Neal Armstrong. Summary of Anu Nijhawan, "When is 'Loss Trading' Permissible: A Purposive Analysis of Subsection 111(5)," draft 2015 CTF Annual Conference paper under s. 11(5)(a).

CRA may reduce interest income to the recipient when it denies interest deductions on related person loans

In numerous CRA challenges to interest rates on loans between sister companies, parents and subsidiaries, and in cross border hybrid debt structures, Gosselin and Lynch “have seen significant reductions to interest rates claimed to nominal amounts and in some cases zero.” However, although in theory, the interest income to the creditor could remain fully taxable even following such reduction in the interest deduction, in some files they “have seen CRA apply a policy… to reduce interest income of the recipient entity” by analogy to a two-sided adjustment policy for management fees (see, e.g., 2012-0440071E5).
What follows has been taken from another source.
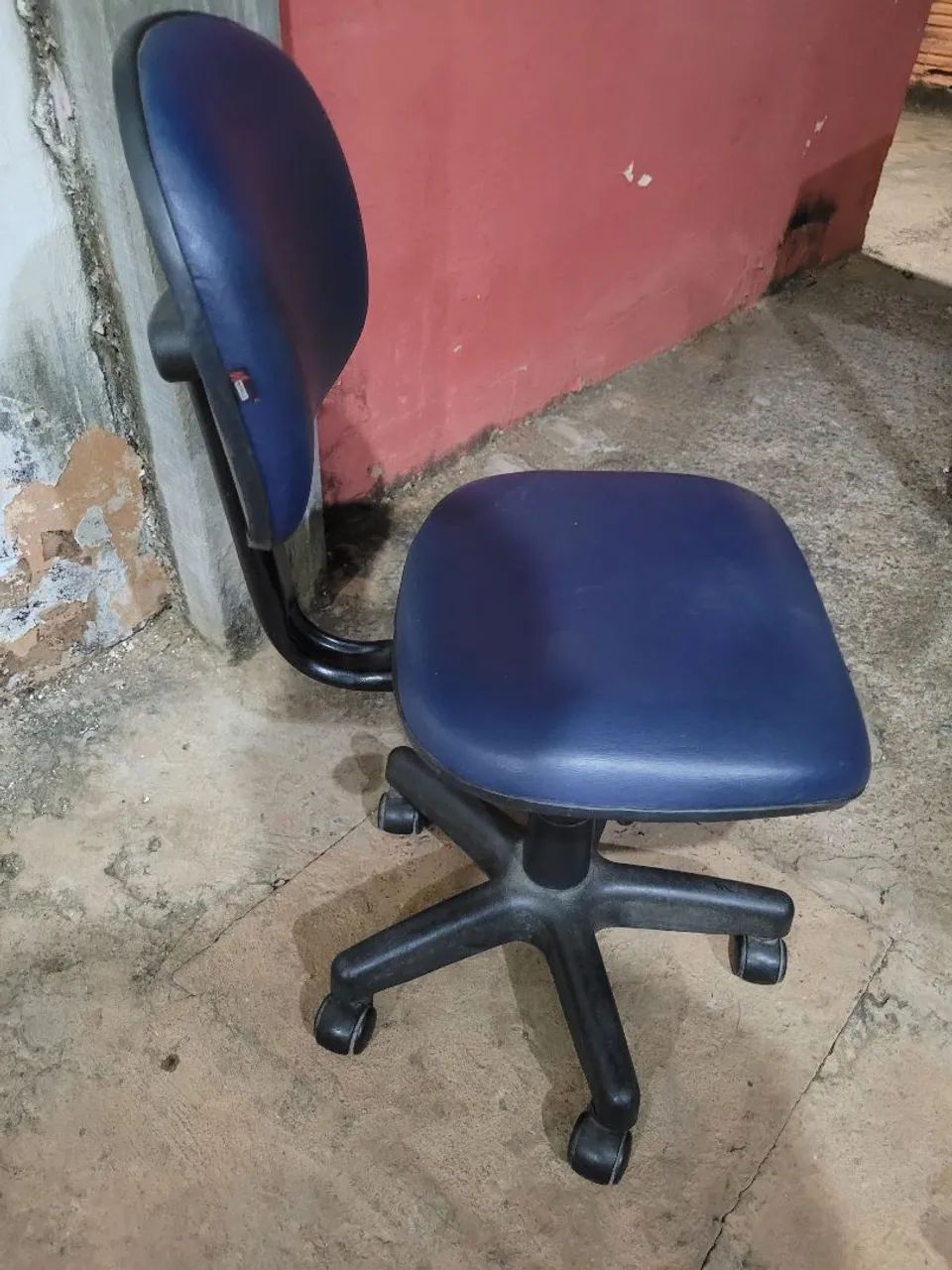 Cadeira para Escritório Conservada! Entrega a Combinar  - Foto 4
Neal Armstrong. Summary of Marie-Eve Gosselin and Paul Lynch, "A Review of Interest Deductibility Since Ludco," draft 2015 CTF Annual Conference paper under s. 20(1)(c).
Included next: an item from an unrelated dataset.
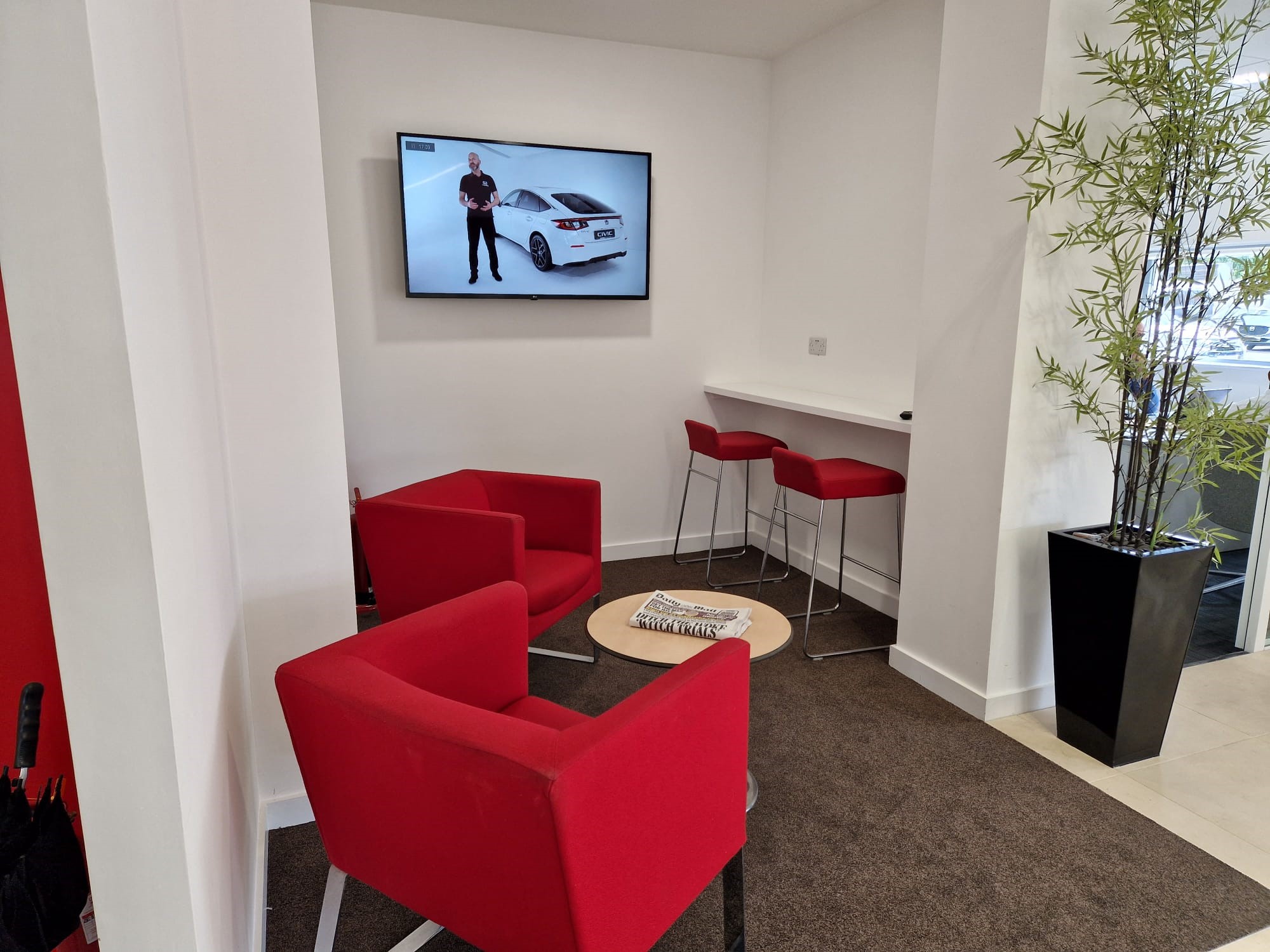 Horizon Honda Salisbury seating area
Livent – Ontario Court of Appeal finds that a company can hold its auditors liable for failure to detect the company’s own fraud effected through its senior management

Deloitte was unsuccessful in arguing that it was not liable to the receiver for a public company (Livent), for failure to detect the fraudulent misstatement of Livent’s financial statements, because it was the most senior management of Livent who were proactively engaged in the fraud, so that effectively Livent was suing Deloitte for Livent’s own fraud. Blair JA quoted with approval a statement by Lord Mance that “[i]t would lame the very concept of an audit” if the auditor could “defeat a claim for breach of duty in failing to detect managerial fraud at the company’s highest level by attributing to the company the very fraud which the auditor should have detected.”

Hopefully this case is irrelevant to tax practice. It might arguably be relevant if, for example, you provided a withholding tax opinion as a condition to a financing based on factual representations of management which you should have realized were false, and the receiver subsequently sues you for the company’s (grossed-up) Part XIII tax liability.
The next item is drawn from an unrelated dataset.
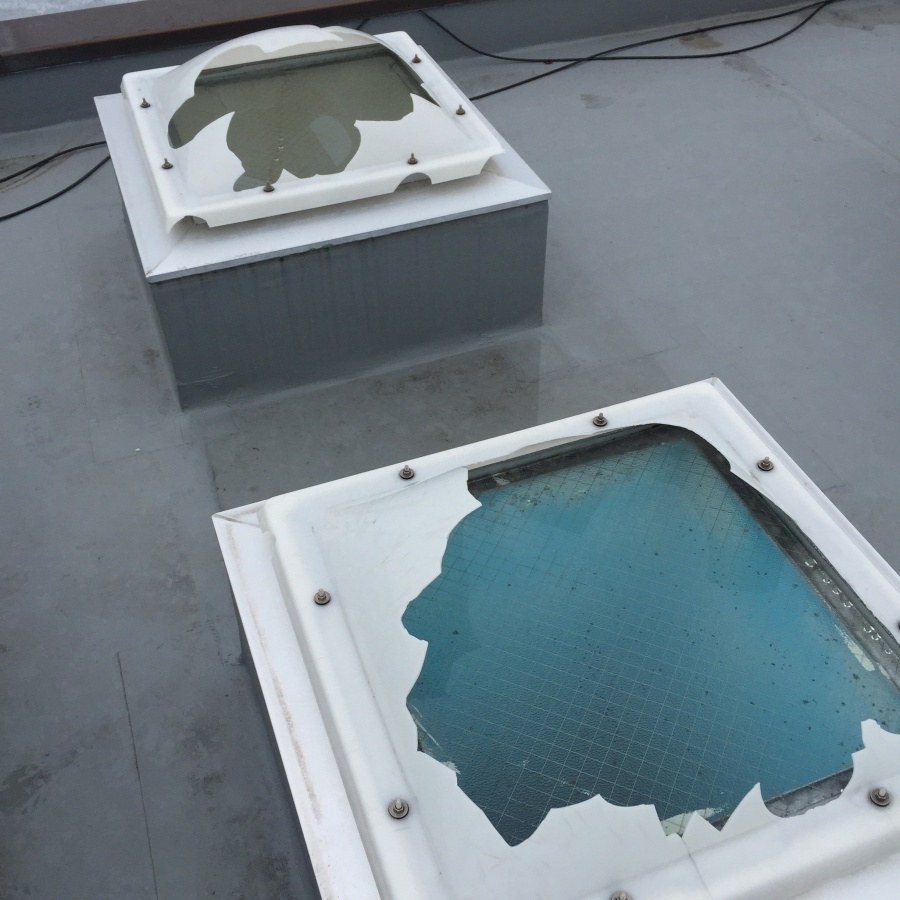 トップライト割れ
Neal Armstrong. Summaries of Livent Inc. v. Deloitte & Touche (2016), 128 OR (3d) 225 (Ont CA) under General Concepts – Negligence, and General Concepts – Illegality.

Kitco – Quebec Superior Court finds that CRA and ARQ cannot collect pre-CCAA assessments by set-off against post-CCAA refund claims

Paquette J has found that CRA and ARQ could not use their statutory set-off rights to set off input tax credit and input tax refund claims generated by an insolvent company (“Kitco”) after it went into protection under the CCAA against assessments made by them (and disputed by Kitco) in which they denied ITCs and ITRs of $313 million that had been claimed and paid by Kitco before the CCAA proceedings. She found that to permit such set-off would give the Agencies an advantage over the unsecured creditors (by taking all of the post-CCAA credits for themselves) and therefore violate the principle that all unsecured creditors should be treated equally.

She also found that the statutory presumptions (e.g., ETA, s. 299(3)) that assessments are valid and binding did not apply in CCAA proceedings.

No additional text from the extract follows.